Button then returned to the war and once he returned again he did not play for them again and he returned to rugby union.

===New Zealand selection===
Following Button's matches for the 'Selected Team' and his City club he was chosen to represent New Zealand against the touring England side. His selection was something of a surprise and it was said "Button, selected as a forward, will have a strenuous task to keep pace with the other forwards selected. His inclusion caused a surprise, as the general opinion was that H. Shanks would be the forward selected from Christchurch". The test match was played at the Auckland Domain on 1 August in front of 20,000 spectators. England won an extremely competitive game 16–13 with the New Zealand team given great respect for their play. The England captain Wagstaff said after the match that it was the hardest they had played on tour which included 18 matches across Australia and New Zealand. Button was playing in the hooker position and saved New Zealand late in the game when England were close to scoring. It was said later that the New Zealand forwards had al been outstanding and "Button, Banks, and Mitchell all proved the wisdom of their selection".

==War Efforts==
===World War 1===
Ernest Button enlisted in the New Zealand forces for World War 1 early on. He embarked from Wellington on 17 April 1915 as a Gunner in the New Zealand Field Artillery as part of the 4th Reinforcements. He became ill and was transported to Malta on 15 October 1915 before recovering and progressing on to Alexandria, Egypt. He was then reported seriously ill on 2 November with his parents receiving a cabled message from Malta General Hospital. He had "enteric fever" (Typhoid). He was however showing some improvement while in hospital and was removed from the dangerous list on 9 November and embarked for Alexandria on 14 December. He was then invalided to New Zealand on 26 December. It had been thought that he was likely to die and he had been treated for 3 months in army hospitals in England and Sister Holmes, of the English R.A.M.C had been "untiring" in her efforts to bring him back to health.

After returning to New Zealand he had spent time recovering and on 8 July 1917 he was well enough to join the Linwood rugby league club and play 2 games for them in the same month. He was officially discharged on 31 July 1916 with it stated that he was no longer physically fit for war service on account of wounds received in action and illness contracted on active service.

He was nearly discharged from the service after "absenting himself without leave from 20 to 29 April 1918" according to image 19 of his military files. When he returned to the war he embarked on board the Matatua on 2 October 1918, arriving on 5 December 1918. By this stage he was a Quartermaster Sergeant in the 43rd Reinforcements, New Zealand Field Artillery.

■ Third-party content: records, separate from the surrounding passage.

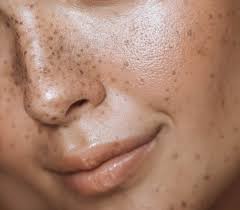 Image result for Melasma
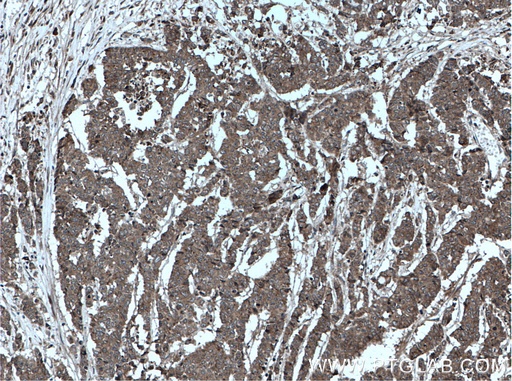 [27792-1-AP-150UL] OSM Polyclonal antibody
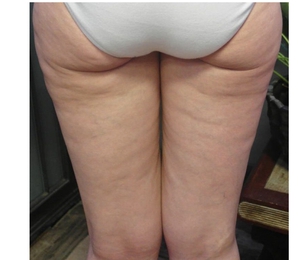 Cellulite-before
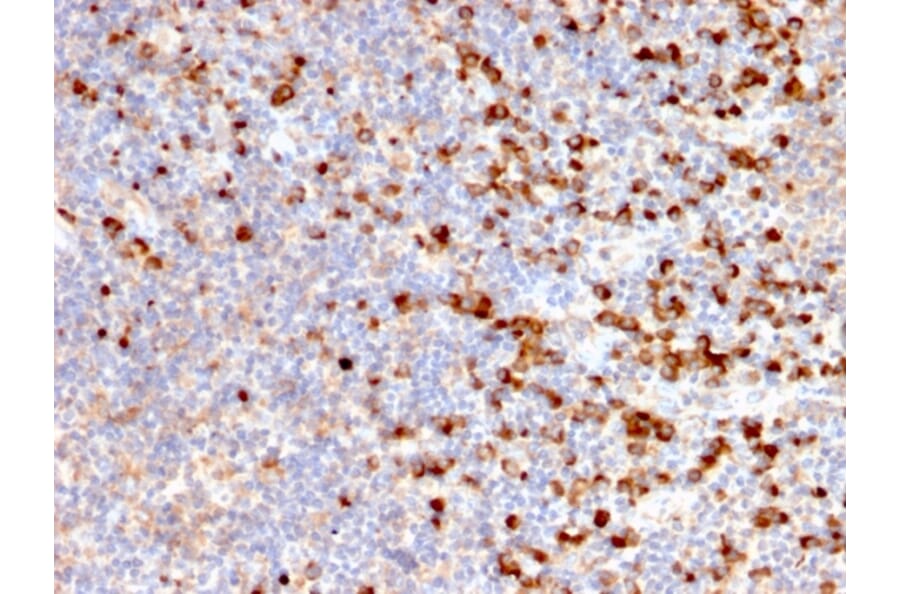 Immunohistochemistry - Anti-TIM3 Antibody [TIM3/2399] (A250421) - Antibodies.com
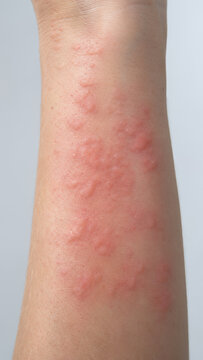 Close-up of red skin rash with hives on human arm. Allergic reaction or dermatitis inflammation on isolated light gray background. Allergy symptoms with copy-space.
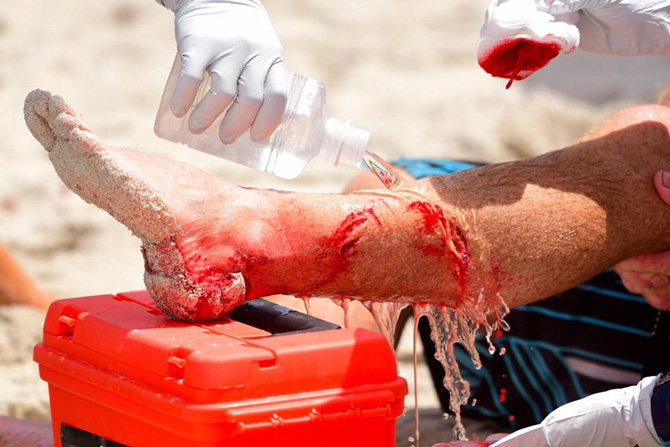 Satellite Beach Shark Attack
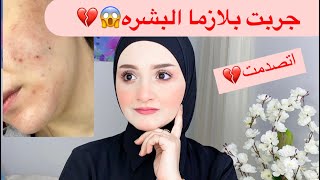 تجربتي مع البلازما للبشره  اتصدمتت😱😱😭😭|| نور سمير 🎀🤍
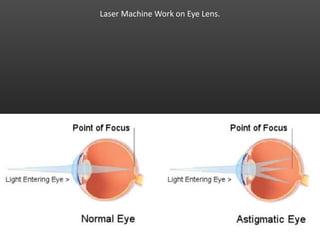 Laser Machine Work on Eye Lens.
 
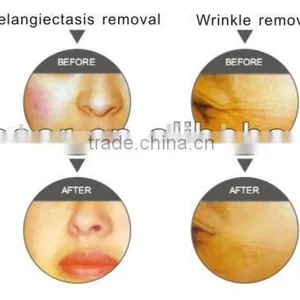 Beauty Equipment With IPL System to Remove Pore,acne, Wrinkles, Freckles thumbnail-2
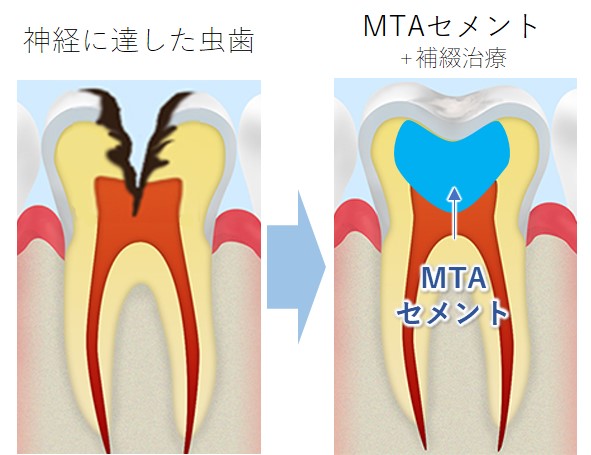 福岡市東区名島の歯医者、徳永歯科こども歯科のMTAセメント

Button was discharged on 25 August 1919. He was awarded the 1914–15 Star, British War Medal and the Victory Medal.

===World War 2===
Following Button's return from World War 1 he had embarked on a medical career. In 1920 he was studying Physics and Inorganic Chemistry. He received his medical degree on 17 December 1925.

Button completed his English F.R.C.S in May 1931. It was stated that he had been educated at Wellington and Otago University and served as a surgeon at Wellington Hospital for 2 years. It was also said that he expected to return to New Zealand at the end of the year. He was granted a Diplomas of Fellowship of the Royal College of Surgeons after successfully passing the exam in June, 1931 in London.

In 1941 he was granted the temporary rank of Lieutenant-colonel while holding the appointment of officer in charge of the surgical division, No. 3 NZ General Hospital. Then in July 1942 he became lieutenant-colonel.